After a decent start, the Pistons took over. Andre Drummond had no problem getting easy points at the rim (18, 14 rebounds, five offensive) while Kentavious Caldwell-Pope led the Pistons 21 points and Marcus Morris added 20. Aron Baynes added 16 points and Anthony Tolliver finished with 11, as the Pistons bench unit, until the late run by the Hornets, were outplaying the second unit from Charlotte, which has often given the Hornets an edge in games that they’re struggling in.

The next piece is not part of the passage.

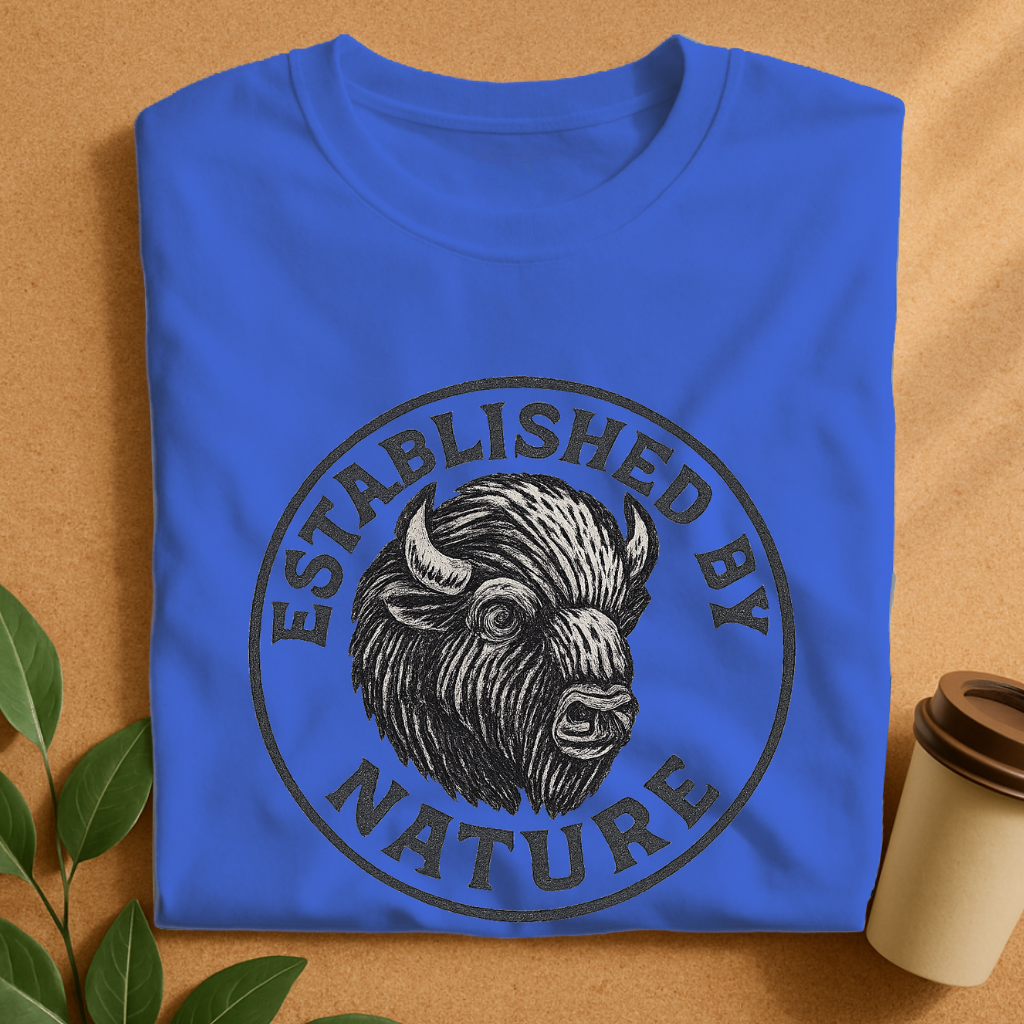 Rustic Woodcut Bison Badge Tee – Vintage Wilderness Emblem T-Shirt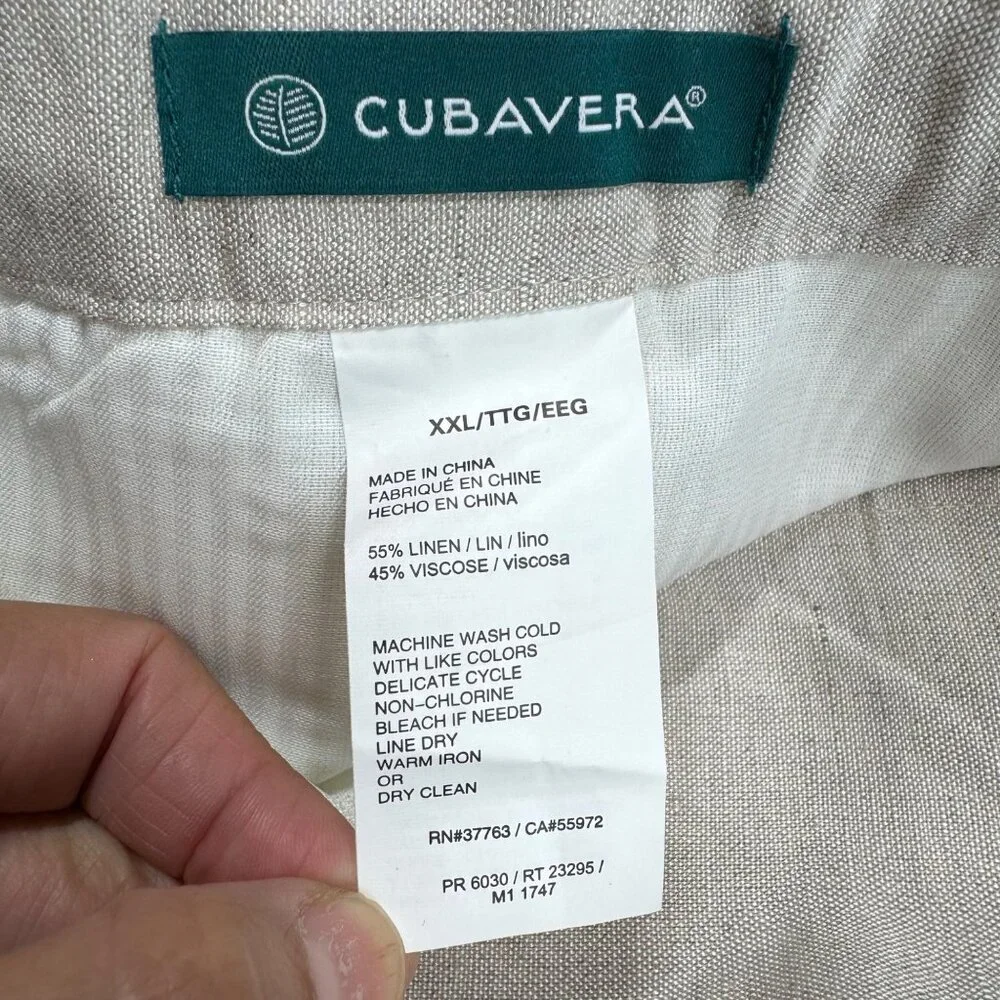 Cubavera Natural Oatmeal Linen Blend Drawstring waist Lounge Pants Men's 2XL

But besides Walker scoring 29 points and hitting 9-for-18 (including six three pointers in the first half) from the field, the Hornets were cold as ice, shooting a combined 37.3% from the field not including Walker. Nicolas Batum was 4-for-12 from the field, Al Jefferson was 4-for-12 and Jeremy Lin managed 2-for-11 in just 23 minutes. The problem with Walker doing well and the rest bricking is that Walker is a player operating in a vacuum. The Hornets can play very well and he’ll have an awful shooting night and they’ll still win. He can go for 30 points on pretty good shooting (although he went cold in the second half without a single field goal) and it doesn’t push the team forward. The glue and the fire that pushes this team comes from Batum and Lin, although Walker is their most talented scorer.
How did it become a 7-point game? A garbage time unit that included Jeremy Lamb, Troy Daniels, Spencer Hawes, Tyler Hansbrough and Jorge Gutierrez went on a 23-2 run, but the closest they got was making it a 5-point game with 37 seconds left. A nice run, but no miracles in the end, as terrible shooting and mostly effort lacking defense put them in too deep of a hole, as they move on with their road trip to Milwaukee, who might not be the hottest team in the NBA, but will be difficult on a back to back, especially after this kind of performance.
And what about Lin? After three good scoring games and two fantastic ones in general, this was like a cold bucket of ice to cool down the enthusiasm and momentum, which when you look back at how this season has went, isn’t that surprising. And the whole Clifford calling Lin a bench player, playing down the Spurs win and then pulling a 180 as the Hornets make an effort to erase those words? Well, these are the kind of games that make it difficult to say Clifford is wrong when he puts Walker and others ahead of Lin in the hierarchy and the minute count.
This was back to Lin shooting poorly. Not just misses, but bad shots (not all of them) and bad decisions altogether, with some weird turnovers (three of them), getting blocked twice and being unable to help the Hornets turn the negative momentum, finishing with a -20 during his 23 minutes (Jefferson’s -22 was the worst on the team; Walker had -17). Lin himself said that hitting a shot early can make all the difference. Defense? He was OK, but by the standards he has set this season, this wasn’t a good game on that end too. His 4 points and 3 assists might not mean another slump, but he needs to bounce back strongly in Milwaukee. The entire team needs to.